What Should Be Confirmed Before Finalizing A Process Skid Design
2026-04-24 15:33A process skid design should not be finalized until the design basis, code path, interfaces, and testing logic are all clear. ASME’s B31.3 guidance explains that process piping in refinery and chemical service is tied to design, fabrication, installation, inspection, and testing as part of one framework. That means a late design change can affect much more than drawings alone.
Process Data And Scope Boundary
The first confirmation should be the actual duty: design pressure, temperature, fluid characteristics, flow range, upset conditions, and what equipment is inside or outside skid scope. If the process basis is still moving, the skid is not truly ready for final release.

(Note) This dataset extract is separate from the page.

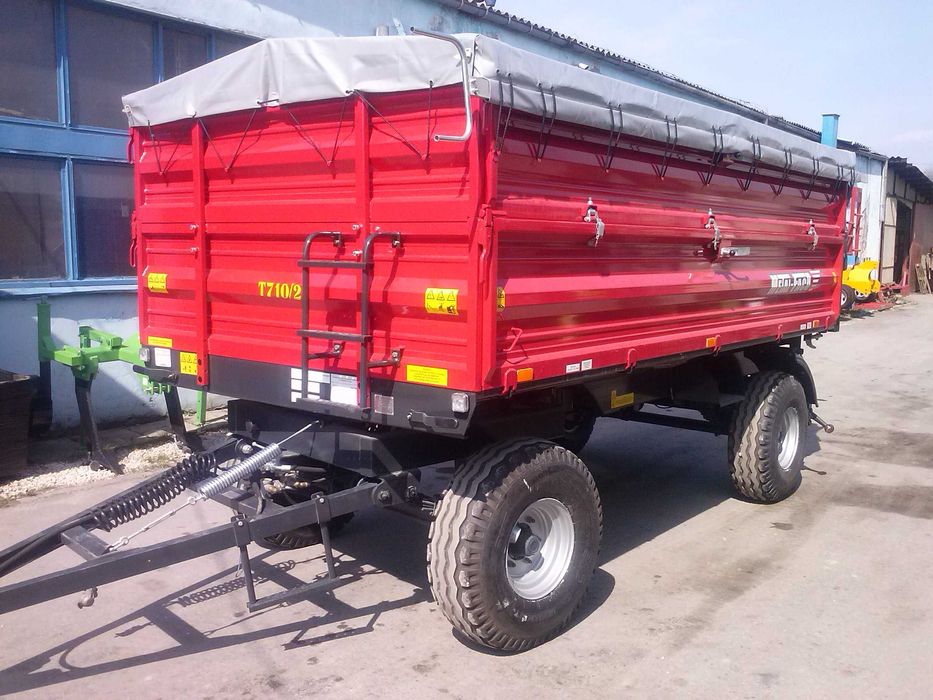 Nowa przyczepa rolnicza dwuosiowa Metal Fach 6t T710/1 8 T710/2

Code, Layout, And Hazard Path
The second confirmation is the engineering path: which code applies, how the layout supports maintenance and control, and whether any hazardous-area or special instrumentation requirements are already accounted for. A skid can look complete on paper but still create site rework if these items were not locked earlier.

FAT And Document Package
A process skid design is only really closed when the team also knows how it will be tested and what documents will be handed over. Test scope, drawings, lists, manuals, and acceptance criteria should all be defined before fabrication moves too far. Otherwise mechanical completion may still fail to become delivery readiness.

Before finalizing a process skid design, the most important checks are process basis, code path, interface boundary, and proof strategy. When these are confirmed early, engineering, fabrication, FAT, and delivery are much more likely to stay aligned.